Note that all of this init business is totally optional and you can refuse to do so. If you want to do some sort of non-canonical setup, the rest of mdm will play nice; doing releases for example just requires that you run mdm with an extra argument, a la mdm release --repo=../my/weird/path/releases-repo.

Usage: Releasing:

	mdm release --version v0.1.3 --files ./target/

That's about it. Substitute in the values that make sense for you.

Typically you'll want to run your build process right before the release command. You can do that manually if you like, but it's probably even easier to integrate it with your build system; that way you don't have to repeat yourself with the version number or the path to the produced files. With a typical Ant setup, that might look like this:

	<target name="release" depends="clean, dist">
		<exec executable="mdm">
			<arg value="release" />
			<arg value="--version=${version}" />
			<arg value="--files=${dist}" />
		</exec>
	</target>

Alternatively, if you're the cautious type, you may wish to perform your build, then inspect the produced files at your leisure, and then call mdm release only when you're satisfied. mdm also doesn't actually push any of the commits it creates, so you can manipulate or reset the release commits if something goes wrong, then push when everything is perfect.

Getting MDM

Downloading a release

The latest version is v2.19.0, available here:

http://mdm-releases.net/net.polydawn/mdm-releases/v2.19.0/mdm

Or, alternatively, mirrored here:

https://raw.githubusercontent.com/mdm-releases/mdm-releases/master/v2.19.0/mdm

You can browse the whole releases repo on github!

https://github.com/mdm-releases/mdm-releases/

Building from source

If downloading a binary release isn't your cup of tea, Section 4.1 -- building from source documents your way.

Portability

See portability.

Other Notes

Artifact File Names

I recommend NOT including the version number of a release in its artifact file name. I.e., name your release file projX.tar.gz, not projX-1.4.5-SNAPSHOT.tar.gz. Why?

  • The version is handled by the version control system.
  • The version number belongs somewhere inside the release anyway; it shouldn't be lost if the release file is renamed. (Being redundant in this situation is fine, but redundancy is redundant.)
  • It's vastly easier to script things, configure IDEs, and so on when you don't have to fiddle with that filename changing.

Relationship to Dependency Resolution

mdm does not require a transitive dependency resolution system at runtime because any repository clone already has the hard choices etched into stone with no runtime resolution needed.

It would be possible to create a transitive dependency resolution system and use it to drive mdm [add/alter/delete] commands.
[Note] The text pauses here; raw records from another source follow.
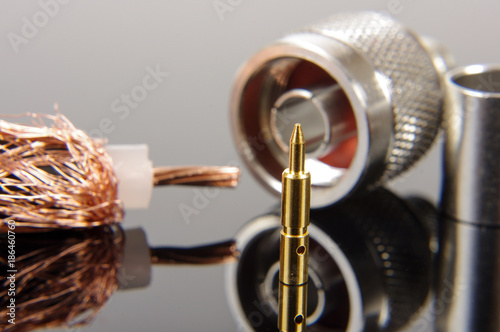 Cuadros en Lienzo Coaxial cable connector assembly accessories isolated on the black reflecting ba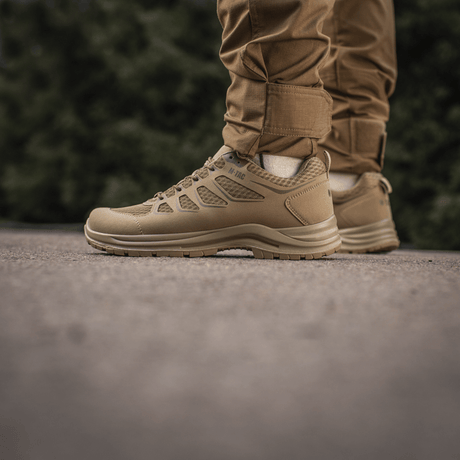 Person iført M-Tac Tactical Sneakers IVA til udendørs aktiviteter, lette og ventilerede sko ideelle til trekking og hverdag.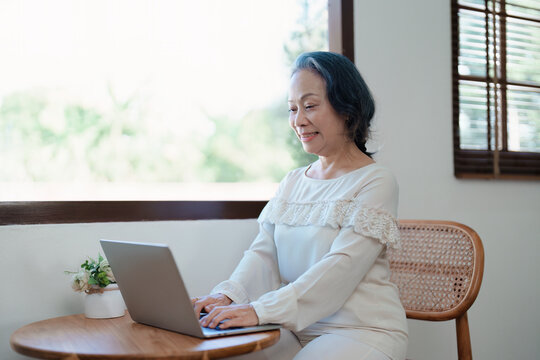 Portrait Of An Elderly Asian Woman In A Modern Pose Working On A Computer.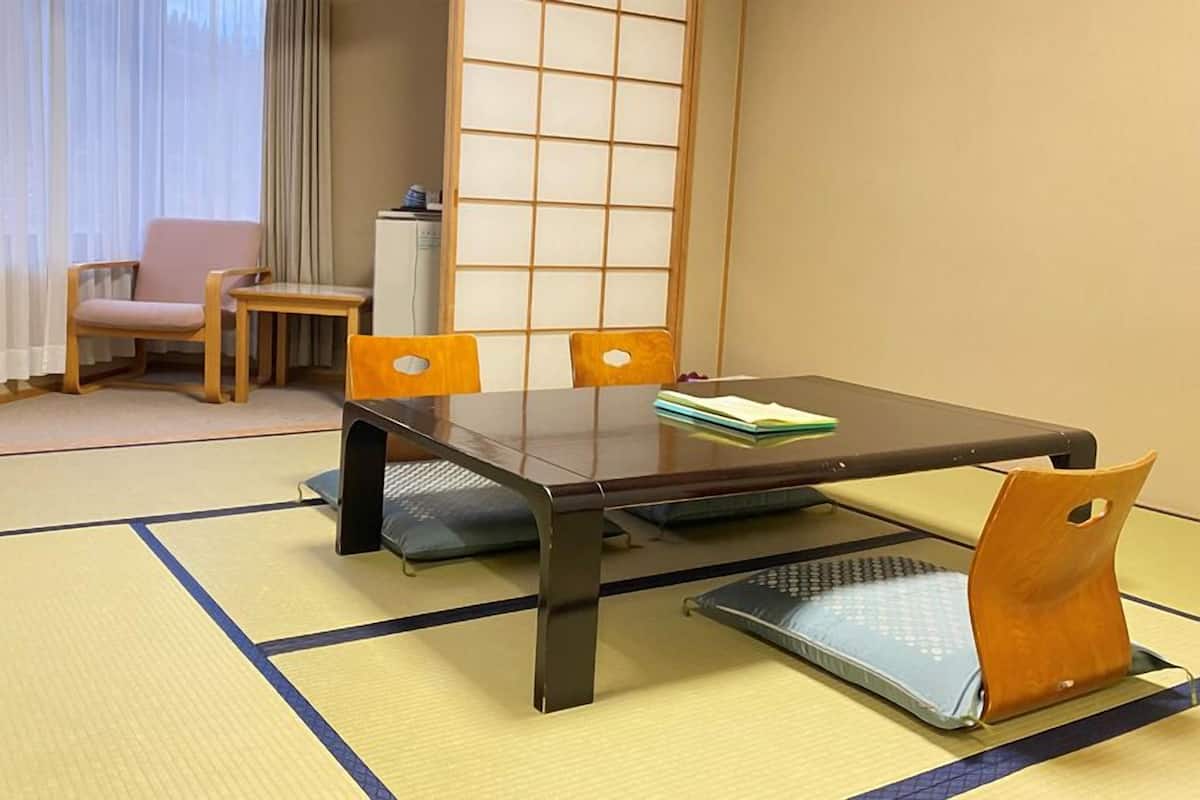 Une pièce avec un sol recouvert de tatamis, une petite table basse, quatre chaises, un petit meuble et une porte coulissante.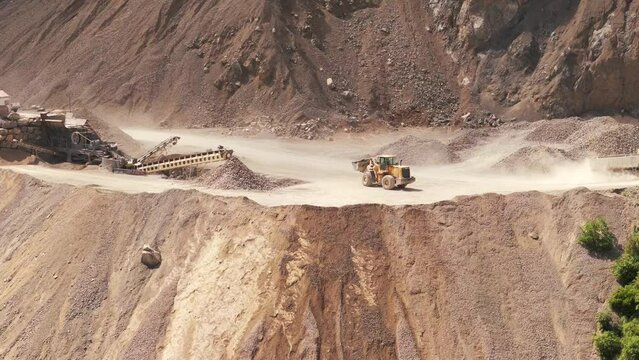 Detail view of a mining bulldozer dumping tailings into a cliff at a limestone mine in northern Argentina, Jujuy Province, lithium tringulum.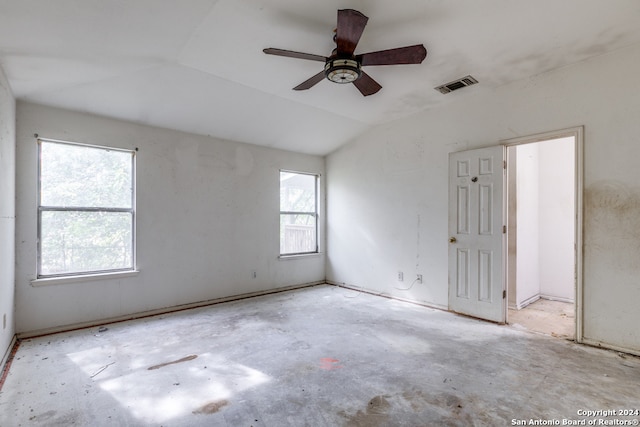 spare room with ceiling fan and vaulted ceiling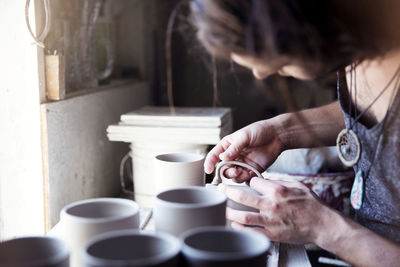 Cropped image of artist checking mug at workshop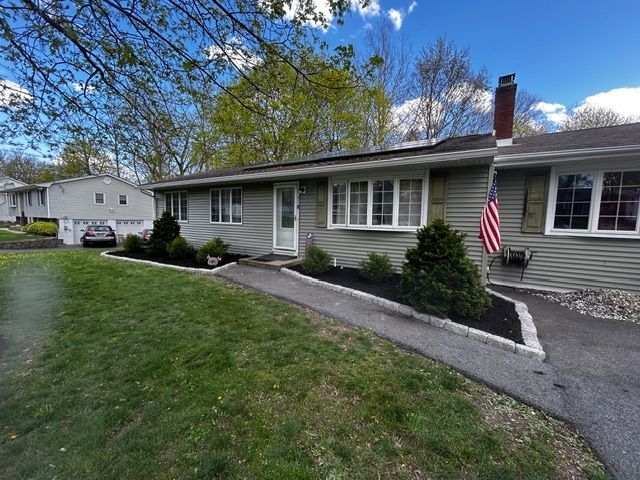 Green house with front yard, walkway, black mulch beds, and American flag.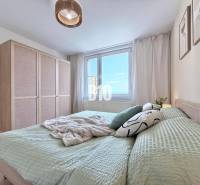 Helles Schlafzimmer in einer 3-Zimmer-Wohnung mit großem Bett, Kleiderschrank und Fenster.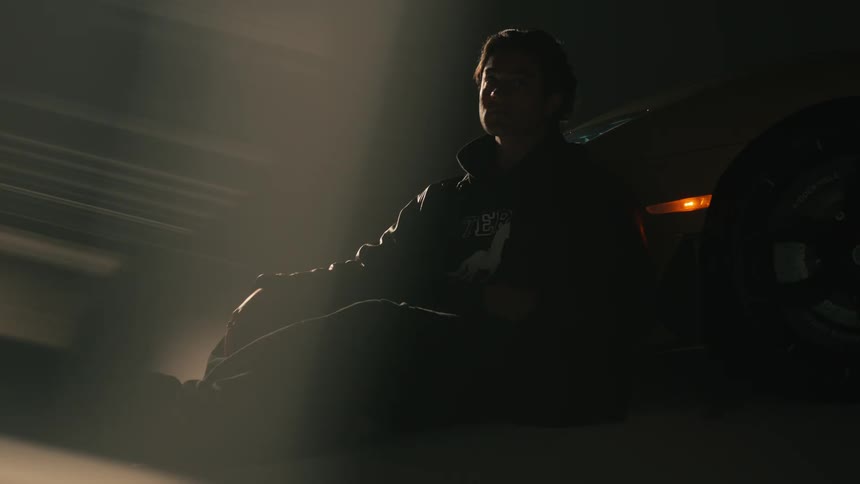 A man is sitting by a sport car in a garage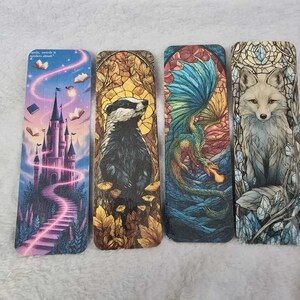 May include: Four rectangular bookmarks with fantasy-themed illustrations. One features a castle with a winding path, another a badger, a dragon, and a fox. The dragon has blue wings and the fox is surrounded by crystals. The first bookmark has the text "spells, words & spoilers ahead."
This would hit a sweet spot where dependencies are still firmly pegged, but both new project setup and later updates can be specified with a convenient handwave. (This might come out looking something like the distinction between a "Gemfile" and "Gemfile.lock" -- mdm currently only provides the "lock".)

PRs welcome on this front :)

Dependencies of Dependencies of Dependencies of...
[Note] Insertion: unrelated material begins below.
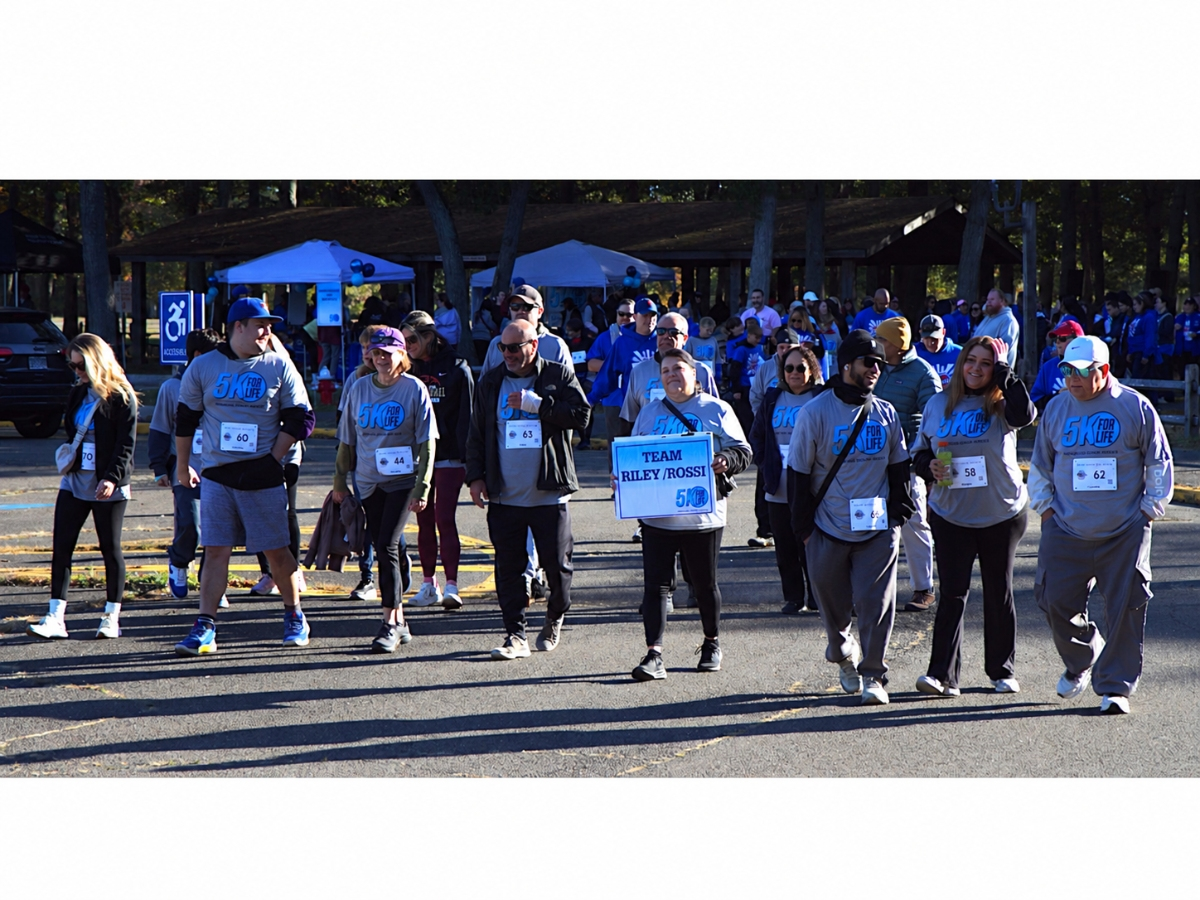 Liver transplant recipient Carlos Riley walks with members of donor hero Claire Rossi’s family during the 2025 Suffolk County 5K For Life Run/Walk. Rossi’s organ donation helped save Riley’s life.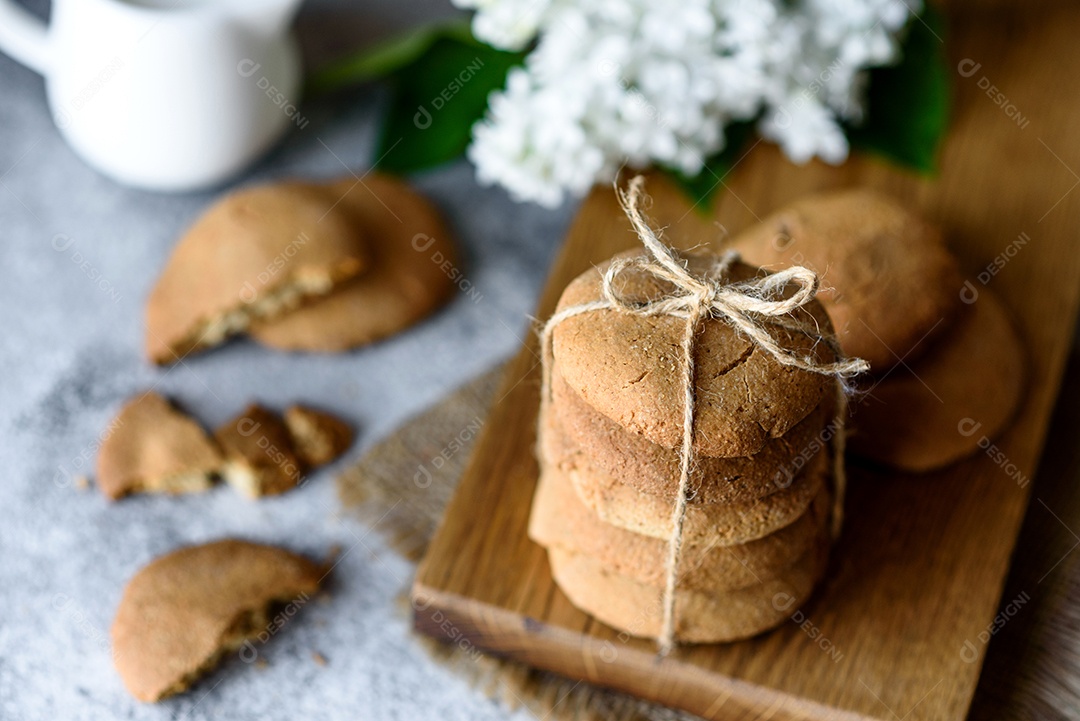 Biscoitos de aveia caseiros em uma tábua de madeira no fundo da mesa velha. Conceito de lanche de comida saudável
Dependencies are all being put in a flat "lib" dir in the example. What if there's a situation with a myproject -> projX -> projY dependency, you ask? Keep It Simple, Smartass. Paths like myproject/lib/projX and myproject/lib/projY still do the job just fine.

You may have a fleeting thought that it would be super cool if including one library submodule would also include all the library submodules that it may in turn depend on. This is a bad idea. Quash that thought now. Why? Two reasons:

  1. Because software dependencies are a graph. A filesystem, and in this case git submodules, are a tree. Trees are a graph, but a graph is not always a tree -- in other words, there's a fundamental mismatch between what you want to describe and what the medium is capable of.
  2. At runtime, are dependencies resolved as a graph? No, they're not. Things are pretty much thrown in a heap on the includepath/classpath and after that it's up to a language's namespacing to work it out. Given that, there's no sense to trying to store your dependencies in a graph, since you're just fibbing to yourself anyway.